For awhile I am been conflicted about graduate school. I am a marine science major and am unfunded. The field of environmental science is extremely competitive, as I have struggled to get a job with my BS. This led me to want to pursue a Masters, but the financial burden is kicking in after just one semester. I believe I am grad school material, but I don’t feel is it worth paying a debt for a significant part of mylife when the job market is weak. When I applied, I admit, I was naïve and thought grad school would fix the not having a job in my field problem. Now, I realize that there are truly many paths to the top of the mountain. I plan on getting real life experience through volunteer and independent research projects at local organizations. The thought of never getting a job in my field absolutely scares me because I do not want a wasted degree. I am passionate about nature and want to be involved with it as my career. I think about the awesome time I know I would of had in Florida at my grad school, but in the end, I feel it would not really get me where I wanted to be. I wished I would have realized this before, but at the same time, there’s no way I could have until I was face to face with it.
Brian R. says
Sage advice all around. I went to grad school as an older, non-traditional student with family obligations that prevented me from flying around the country looking for a grad program (in education) that provided funding. I was accepted at a local school but couldn’t get an assistantship or even a part-time campus job. It was unfortunate, but I really didn’t have much choice. So I plowed ahead thinking that if I just worked hard enough I could make a success of it. Found out after graduating that all hard work was for naught… what really mattered was the experience gained through on campus employment. Maybe other fields are different, but in education, you really need that on campus employment support.
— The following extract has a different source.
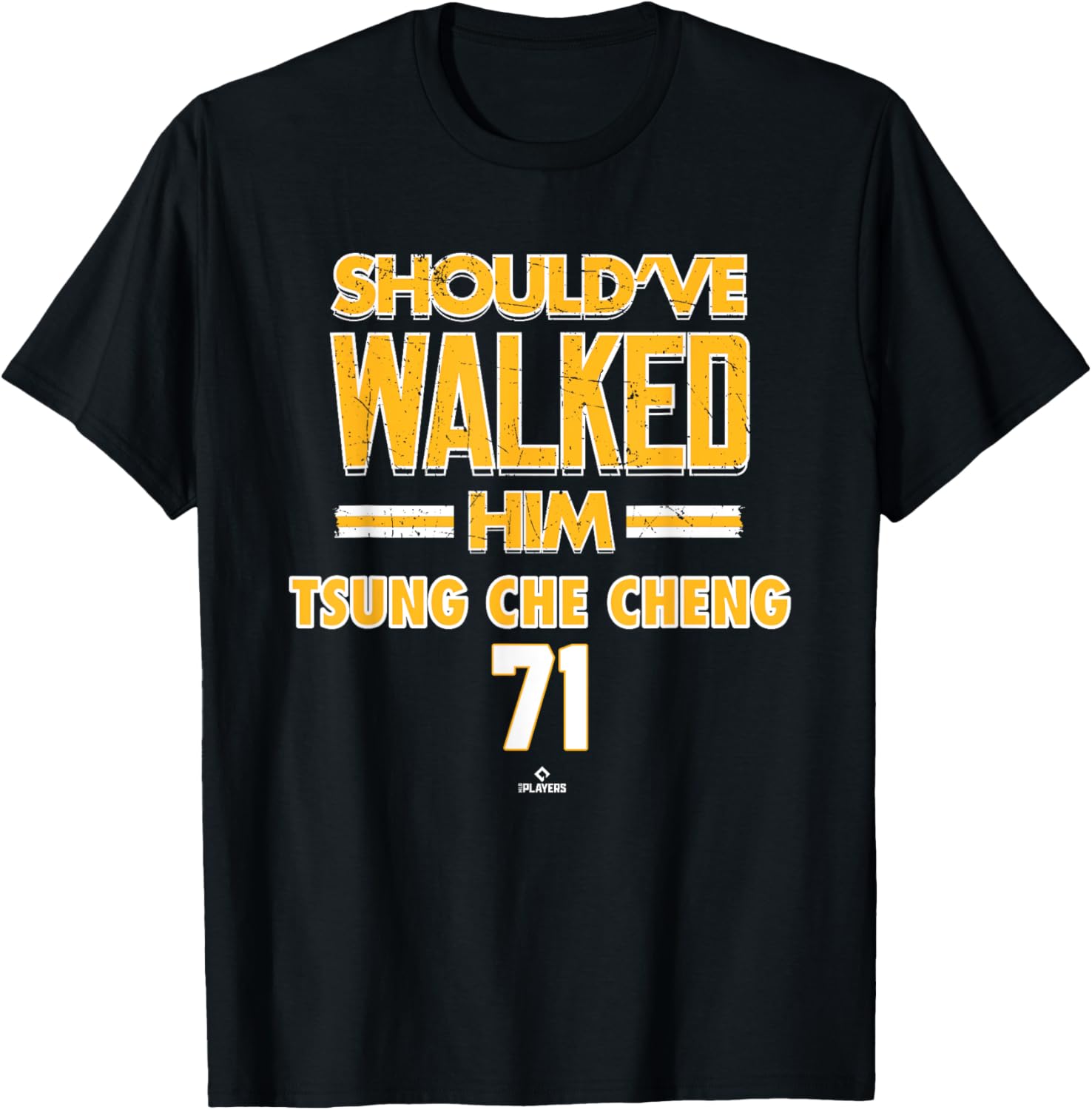 Should've Walked Him Tsung Che Cheng Pittsburgh Baseball T-Shirt - 1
I’m struggling to decide if I should go to graduate school or not. I have a strong desire to teach at the college-level and that simply isn’t possible without a graduate degree. I keep hearing and reading these pleas to not go into academia, but they are always coming from individuals who are currently teaching college-level courses and seem to absolutely love what they do, making the decision even more confusing.
One thing that is not being mentioned here is the wealth of good, inexpensive but non-funded practice-oriented programs at public universities. I completed my master’s degree and doctorate in two employable fields (library science and government) at minimal cost and am now happily employed in an administrative capacity at a college, so I get to be in academe (albeit not actively teaching) and employed at the same time. It is possible to make a graduate education profitable but you have to accept that Elite East Coast University is not necessarily the place to do it. Try Southeastern Regional Public University instead, in a doctoral program focused on real-world practice in addition to research and theory. You get to have a job and be called “doctor” at the same time.